The main distinguishing feature of the thermal jet coagulator, presented in the first version, is the flexible connection between its manipulator and the case. Such a connection is achieved due to the hermetic connection of the end of the fixed part of the fitting with a plastic tube that passes through the body and handle of the thermal jet coagulator and is rigidly fixed in the length limiter. Thanks to the plastic tube, when performing open operations, it is possible not only to easily adjust the direction of the thermal jet and the angle of its deviation, but also the length of the thermal jet coagulator itself. All this could not be achieved when using a known tool, where the fixing of the manipulator and the body was rigid, and the length of the tool was unchanged. In the proposed design of the thermal jet coagulator, the specified adjustment is carried out by the surgeon's hand - for this, it is enough to pull the tube (the part of it located behind the handle), and it is easily retracted into the case and extracted from it. It is also possible to adjust the angle of deviation and the length of the tool by manually moving the telescopic elements of the tubular body. It should be noted that this form of regulation is a manifestation of one of the advantages of the telescopic construction of the thermal jet coagulator body compared to the one described in the prototype. So, by pushing the last element of the telescopic housing, you can completely hide the plastic tube in the housing. In this form, the tool can be used to perform relatively simple operations, which are performed in a well-visualized operating field and on easily accessible organs, or in laparoscopic operations performed only in the axial direction, where the zone of influence of the thermal jet is limited by the laparoscopic port.

Equipping the manipulator with an assembly fitting with fixed and moving parts and making radial holes on the threaded surface of the latter makes it possible to easily redistribute and adjust the amount of gas flows coming to the heating unit and through the holes to the protective tube for its cooling. To increase one flow and decrease the other, it is enough to turn the moving part of the fitting relative to the stationary one, thus setting the required throughput of the holes. At the same time, the amount of flow, depending on the specific situation, can be easily changed during the operation, without interrupting it, with the help of tweezers or a clamp, turning the tip of the ceramic tube in the desired direction. Regulating flows in this way significantly expands the capabilities of the thermal jet coagulator compared to the one described in the prototype, where the air flow rate was set in advance and was constant throughout the entire operating cycle.

In addition, the presence of radial holes in the design, through which the cooling gas flow passes, allows you to abandon the two hoses that are present in the tool presented in the prototype, which significantly simplifies the connection of the thermal jet coagulator with the service unit after its sterilization, facilitates its manipulation and simplifies the process of his preparation for work. In the work of the known tool, two separate air streams are involved - working and cooling, which are supplied by separate hoses. In the proposed thermal jet coagulator, the gas flow (carbon dioxide) coming from the compressor through one hose is divided into two separate flows in the manifold, one of which goes to the heating unit, and the other passes through the radial holes past the ceramic tube, performing the function of a protective cooler tubes

Fixation of the metal protective tube on the fixed part of the fitting (it is tightly fitted) ensures its stable position when pulling out the thermojet coagulator from the laparoscopic port.

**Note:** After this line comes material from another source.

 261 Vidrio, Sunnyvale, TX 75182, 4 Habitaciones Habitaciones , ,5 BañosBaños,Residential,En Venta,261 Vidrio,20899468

Due to the presence of a length limiter in the thermal jet coagulator, the conditions of its operation are expanded, which is an important factor in laparotomy, where the adjustment of the length of the instrument is particularly important. A plastic tube rigidly fixed in the limiter makes it impossible for the head of the manipulator to come out to a distance greater than the conditions of the operation. In fact, the limiter is a second handle for moving the plastic tube.

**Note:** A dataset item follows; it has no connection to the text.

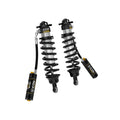 ICON coilovers detail
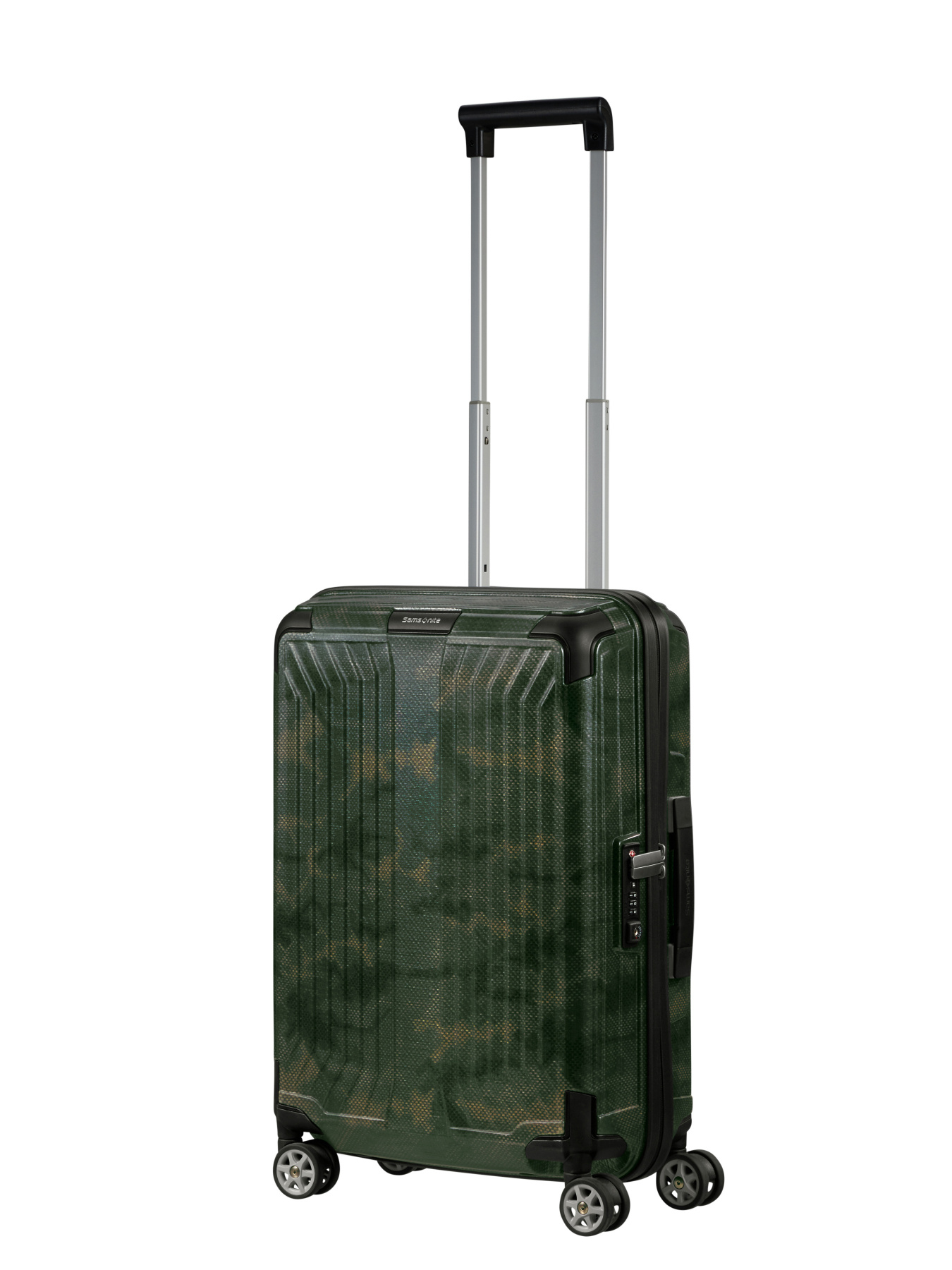 Дорожні сумки та валізи Samsonite модель 42N24001 Фото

The second version of the thermal jet coagulator has wider operational capabilities in terms of the ability to perform not only "axial" laparoscopic operations, but also those involving organs and tissues located in hard-to-reach places of the abdominal cavity. It is characterized by a greater degree of maneuverability, which is achieved due to a combination of two factors: firstly, the end of the fixed part of the fitting is hermetically connected to a flexible (and not plastic, as in the first option) tube, and, secondly, the fixed part

From the fitting, it is connected to a wire rod, which is attached to an eye fixed on its outer surface. This form of attachment of the rod provides the possibility of its free rotation relative to this lug in the vertical plane, which, in turn, provides the opportunity to deflect the head of the manipulator at almost any angle from the axis of the tool. To do this, you need to pull the rod manually, and the latter, bending the tube, will turn the fitting (and, therefore, the head). The angle of deviation of the fitting will depend on how long the pull is. Thus, by manipulating the draft, you can easily manipulate the deflection of the thermal jet, setting it at the angle required for a specific situation. At the same time, the angle of deviation of the fitting does not affect the size of the thermal jet.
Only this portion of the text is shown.